# Premiere vs Premiere XL (Hard Drives Question)



## stephan00035 (Apr 14, 2004)

I have a question. 

Will a hard drive from a Tivo Premiere work in the Premiere XL and vice versa or do they use different types of Tivo software?

Thanks...


----------



## ThAbtO (Apr 6, 2000)

No, since the service numbers are different as well as the models, a 746 vs a 748 (Pxl). The Tivo software is a bit different, although its not noticeable. It would also mean to run Clear & Delete Everything even if it worked.


----------



## lessd (Jan 23, 2005)

ThAbtO said:


> No, since the service numbers are different as well as the models, a 746 vs a 748 (Pxl). The Tivo software is a bit different, although its not noticeable. It would also mean to run Clear & Delete Everything even if it worked.

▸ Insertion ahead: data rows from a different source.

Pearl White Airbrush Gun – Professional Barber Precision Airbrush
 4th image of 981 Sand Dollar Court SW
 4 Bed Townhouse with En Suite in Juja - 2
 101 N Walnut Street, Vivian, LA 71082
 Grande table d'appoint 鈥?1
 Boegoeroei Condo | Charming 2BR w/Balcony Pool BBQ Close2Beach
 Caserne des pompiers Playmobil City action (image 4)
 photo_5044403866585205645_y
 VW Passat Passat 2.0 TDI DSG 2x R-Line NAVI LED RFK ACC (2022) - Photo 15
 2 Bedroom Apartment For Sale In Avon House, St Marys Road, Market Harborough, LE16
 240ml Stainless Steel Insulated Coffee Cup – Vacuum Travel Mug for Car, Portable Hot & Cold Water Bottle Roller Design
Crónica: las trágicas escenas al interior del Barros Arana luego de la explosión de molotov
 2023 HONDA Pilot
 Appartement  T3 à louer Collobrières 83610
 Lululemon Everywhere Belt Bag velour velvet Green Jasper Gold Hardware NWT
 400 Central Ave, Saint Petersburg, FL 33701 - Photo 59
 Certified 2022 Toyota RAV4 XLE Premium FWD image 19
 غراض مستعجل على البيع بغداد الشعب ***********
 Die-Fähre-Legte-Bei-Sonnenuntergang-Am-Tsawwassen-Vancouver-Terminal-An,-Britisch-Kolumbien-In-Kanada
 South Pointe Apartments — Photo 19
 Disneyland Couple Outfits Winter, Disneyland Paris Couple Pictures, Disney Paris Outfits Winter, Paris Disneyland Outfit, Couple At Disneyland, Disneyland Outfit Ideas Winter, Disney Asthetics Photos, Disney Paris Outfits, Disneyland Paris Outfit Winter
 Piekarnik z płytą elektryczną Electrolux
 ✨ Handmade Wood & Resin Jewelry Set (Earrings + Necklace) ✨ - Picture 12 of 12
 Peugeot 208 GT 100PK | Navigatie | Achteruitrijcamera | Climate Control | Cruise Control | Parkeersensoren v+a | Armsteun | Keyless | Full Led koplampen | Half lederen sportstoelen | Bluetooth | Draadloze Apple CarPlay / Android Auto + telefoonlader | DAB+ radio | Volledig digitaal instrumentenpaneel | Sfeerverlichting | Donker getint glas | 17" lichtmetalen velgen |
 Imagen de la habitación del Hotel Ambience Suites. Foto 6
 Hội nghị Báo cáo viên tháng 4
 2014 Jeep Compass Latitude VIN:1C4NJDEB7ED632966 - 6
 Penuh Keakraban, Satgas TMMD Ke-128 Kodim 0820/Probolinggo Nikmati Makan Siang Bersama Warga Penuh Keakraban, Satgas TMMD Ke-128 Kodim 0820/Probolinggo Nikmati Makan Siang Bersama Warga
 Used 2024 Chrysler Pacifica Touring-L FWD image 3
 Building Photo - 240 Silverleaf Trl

*It will not work *as the guide data will stop downloading after the initial setup. This has been talked about before but i not going to search for that.


----------



## stephan00035 (Apr 14, 2004)

Thank you...


----------



## unitron (Apr 28, 2006)

stephan00035 said:


> I have a question.
> 
> Will a hard drive from a Tivo Premiere work in the Premiere XL and vice versa or do they use different types of Tivo software?
> 
> Thanks...


If I'm not mistaken the XL uses a bigger drive, so the right software may be expecting to be on a drive at least that big.


----------



## lessd (Jan 23, 2005)

unitron said:


> If I'm not mistaken the XL uses a bigger drive, so the right software may be expecting to be on a drive at least that big.


I was assuming the OP was going from a TPXL to a TP, but one would have the problem of the software not working in either direction.


----------